Wednesday, June 9, 2021

Lord's Prayer

 


Today I draw our attention to two different hymns.  First is Glory, Glory Hallelujah which has this great verse:

I feel better, so much better, since I laid my burdens down.  I feel better, so much better, since I laid my burdens down.

You may think, wait that doesn’t mention God at all?  What does this have to do with our imaging God?

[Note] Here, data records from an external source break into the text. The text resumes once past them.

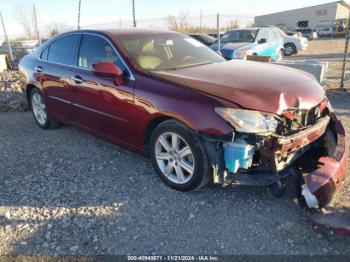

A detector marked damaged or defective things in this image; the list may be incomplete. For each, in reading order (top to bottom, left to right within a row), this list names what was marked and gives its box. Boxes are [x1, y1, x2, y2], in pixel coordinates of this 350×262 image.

crumpled hood [153, 61, 326, 115]
damaged front end [202, 99, 348, 212]
broken front bumper [300, 116, 348, 209] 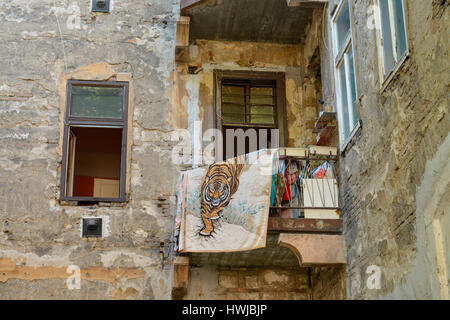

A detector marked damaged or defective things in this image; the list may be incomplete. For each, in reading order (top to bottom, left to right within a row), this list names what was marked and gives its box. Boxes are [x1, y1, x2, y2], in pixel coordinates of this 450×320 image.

cracked stucco wall [0, 0, 183, 300] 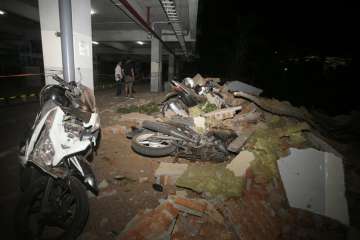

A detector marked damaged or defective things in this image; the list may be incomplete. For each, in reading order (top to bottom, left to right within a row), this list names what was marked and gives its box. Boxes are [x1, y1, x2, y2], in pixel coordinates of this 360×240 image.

damaged motorcycle [15, 75, 100, 240]
damaged motorcycle [129, 119, 236, 162] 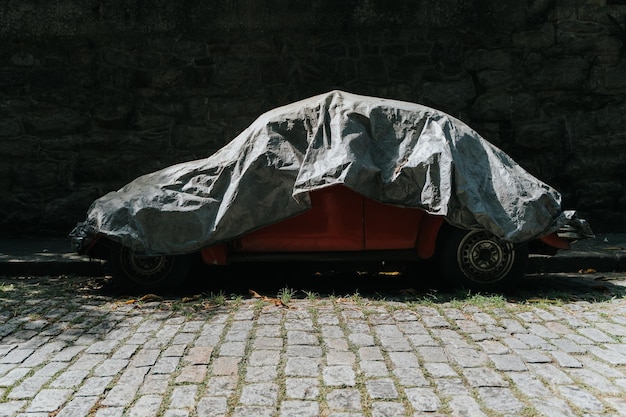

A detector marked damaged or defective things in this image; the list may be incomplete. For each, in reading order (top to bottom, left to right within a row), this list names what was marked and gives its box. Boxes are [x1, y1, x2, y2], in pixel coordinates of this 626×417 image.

rusty vehicle [72, 91, 588, 292]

But there is this sacred, subtle sense that God is the burden bearer and breaker.  God is the One we can surrender all the stress and strain and struggle to life.  Of course, I usually only loan my burdens to God and then quickly want to take them back.  Like when my wife hands me her purse to hold for a few moments.  Often I am like, “Thanks God for holding that hurt, but I got this now.”  After all, I don’t want to be a burden to God…God has enough without me.  But the is exactly the kind of perspective this Spiritual is trying to confront.  You don’t just ask God to hold your burdens for a while, you surrender them fully.  You release your clinging and controlling and need to look competent. 

What if you prayed, “Our Burden-Bearer and Breaker, holy is Your name” today?  What if you tried to both say and live those words today?

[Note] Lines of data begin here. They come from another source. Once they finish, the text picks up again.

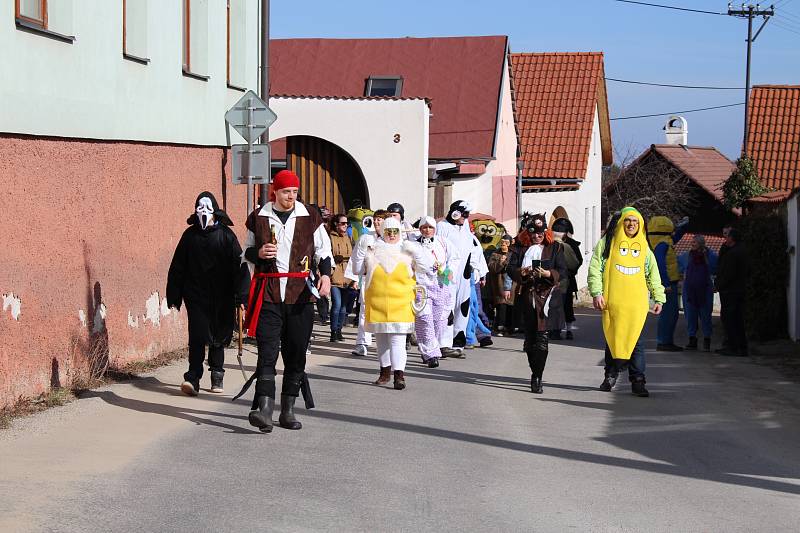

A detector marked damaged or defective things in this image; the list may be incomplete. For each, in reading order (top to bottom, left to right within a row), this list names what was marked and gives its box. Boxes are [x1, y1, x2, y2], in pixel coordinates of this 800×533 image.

peeling plaster wall [0, 135, 248, 406] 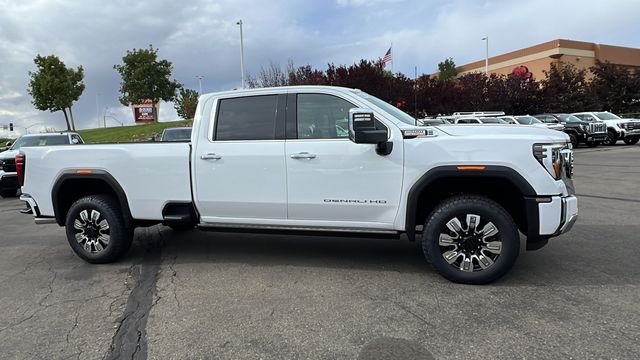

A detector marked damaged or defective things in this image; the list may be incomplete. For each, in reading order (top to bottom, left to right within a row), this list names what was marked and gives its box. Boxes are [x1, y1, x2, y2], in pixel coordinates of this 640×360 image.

crack in asphalt [104, 229, 164, 360] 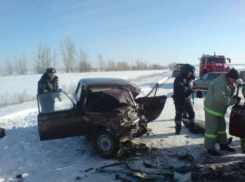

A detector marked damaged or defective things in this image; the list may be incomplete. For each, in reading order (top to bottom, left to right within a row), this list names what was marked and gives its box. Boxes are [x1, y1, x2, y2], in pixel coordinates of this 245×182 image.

damaged red car [36, 77, 167, 159] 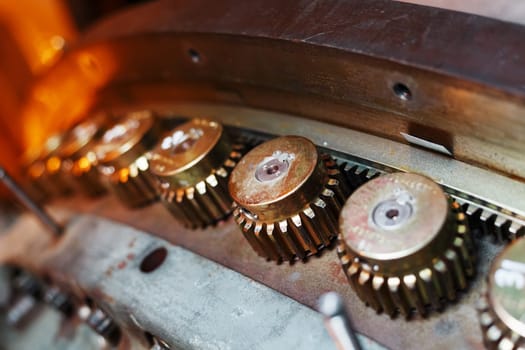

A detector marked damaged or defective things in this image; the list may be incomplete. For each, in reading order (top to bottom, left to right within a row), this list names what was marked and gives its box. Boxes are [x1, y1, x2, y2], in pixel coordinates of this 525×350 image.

rusty metal surface [22, 0, 524, 180] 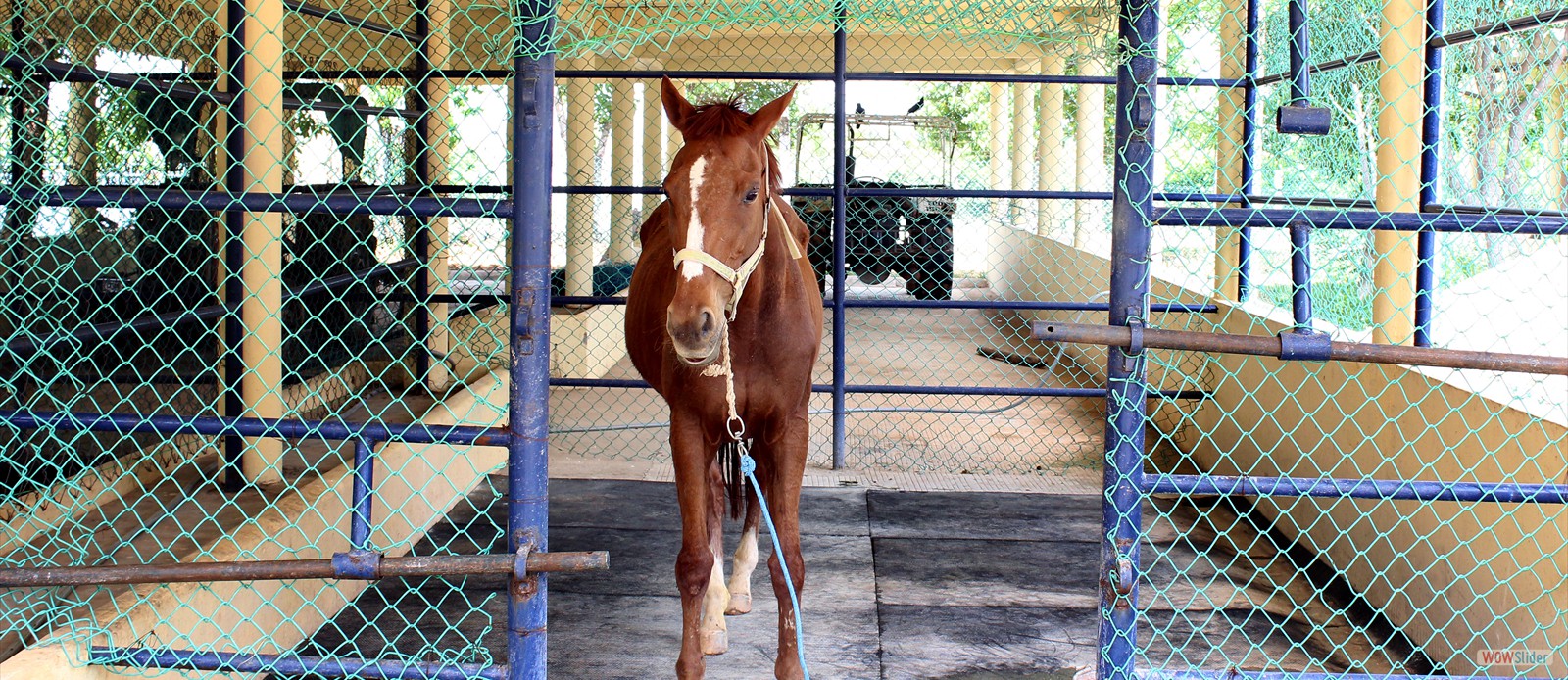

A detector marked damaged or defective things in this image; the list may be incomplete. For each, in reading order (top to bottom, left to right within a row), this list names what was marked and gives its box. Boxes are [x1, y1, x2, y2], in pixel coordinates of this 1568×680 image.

rusty metal pipe [1028, 319, 1568, 374]
rusty metal pipe [0, 548, 608, 586] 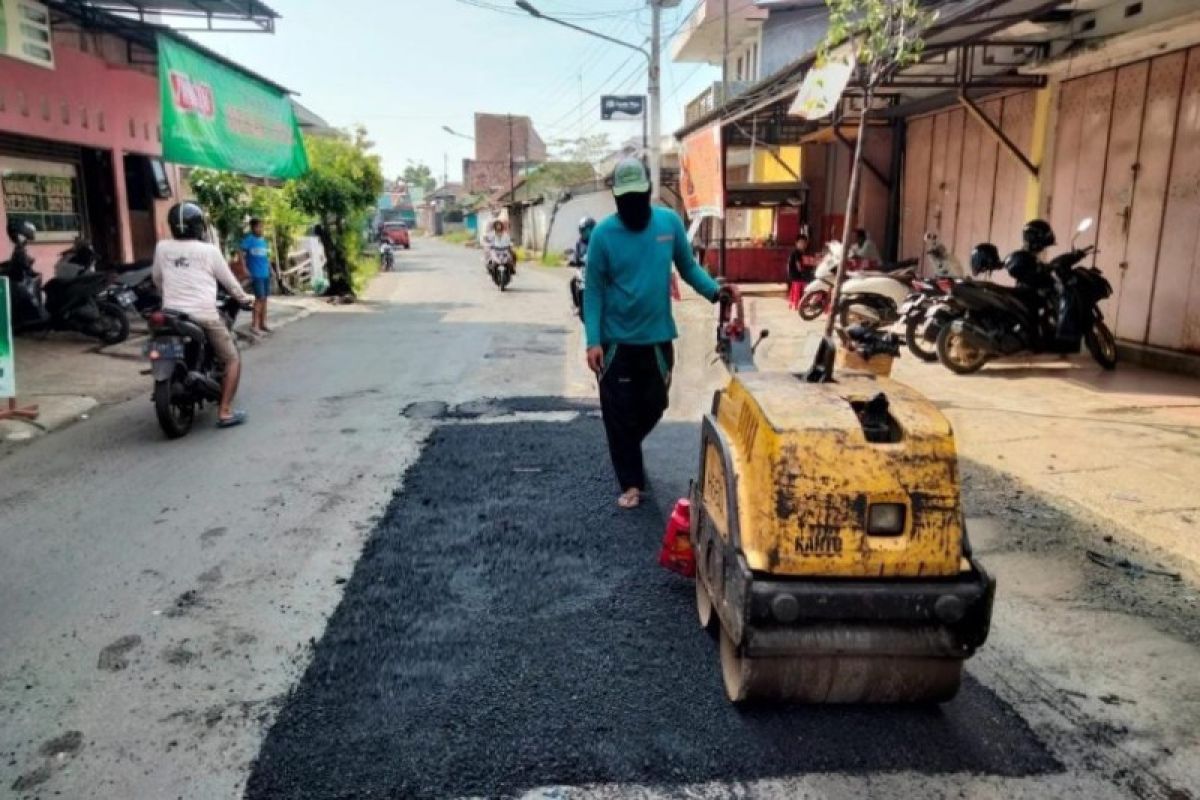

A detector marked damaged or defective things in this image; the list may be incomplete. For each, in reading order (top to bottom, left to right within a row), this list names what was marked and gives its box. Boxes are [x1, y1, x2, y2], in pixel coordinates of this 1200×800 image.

pothole in road [248, 402, 1056, 796]
fresh black asphalt patch [248, 400, 1056, 800]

The other hymn is right next door in our New Century Hymnal, “Many and Great, O God, Are Your Works”.  The first verse of this hymn is profound and powerful as Glory, Glory Hallelujah.  Say these words aloud to yourself,

“Many and great, O God, are Your works, Maker of earth and sky; Your hands have set the heavens with stars, Your fingers spread the mountains and plains.  Lo, at your word the waters were formed; deep seas obey your voice.”

I love how the hymn writer prayerfully leads us from the vast galaxies above our heads to the places our feet touch the ground.  The images I hear in these words are God our Creator; God our Artistic Director; God our Companion; God whose singing voice stirs our souls.  What do you hear or experience?  How might these two hymns influence and impact the way you pray the Lord’s Prayer today?

Continue to let the words of our hymns shape the ways we pray the Lord’s Prayer.

Prayer: Thank you, O God, for powerful and poetic words of hymns that can open our hearts and whole lives to new understandings of Jesus’ Prayer.  Amen.